Abstract

Previous research on the demography of South Africa has not resolved whether the South African fertility decline should be viewed as rapid given the institutional forces ranged against the everyday lives of African South Africans, or as slow, given the country’s level of socio-economic development and the vigour with which successive governments implemented family planning programmes. The thesis presents a detailed demographic analysis of the South African fertility decline. By 1996, fertility among African women had fallen to 3.5 children per woman, not even half the level estimated for 1960. However, projected median birth intervals increased from around 30 months in 1970 to greater than 60 months by the late 1990s.
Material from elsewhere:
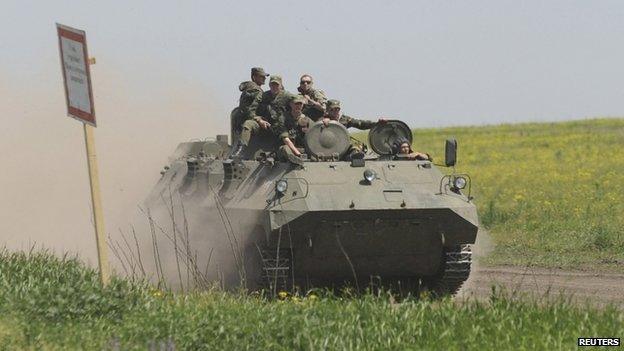 Men wearing military uniforms ride atop an armoured personnel carrier (APC) during exercises at the Kuzminsky military training ground near the Russian-Ukrainian border in Rostov region, Russia, 25 May 2015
Using official and historical sources, many of which are in Afrikaans, the thesis argues that the institutional context that prevailed under apartheid is responsible for the slow decline in African fertility and the increase in birth intervals. Birth intervals increased because African women used contraception for neither fertility limitation nor birth spacing as they are conventionally understood. This secular trend towards longer birth intervals is neither parity- nor cohort-specific. African women used modern contraception to postpone childbearing sine die as a result of the impositions of apartheid. Hence a third, new, pattern of contraceptive use is identified. The continued increase in birth intervals after the end of apartheid is not associated with changes in marriage patterns, or social instability caused by internal unrest. Birth intervals have increased most for educated, wealthier and urban women. Using the South African fertility decline as an example, the thesis argues that the institutional context in which a fertility decline occurs plays an important role in determining the pace of that decline.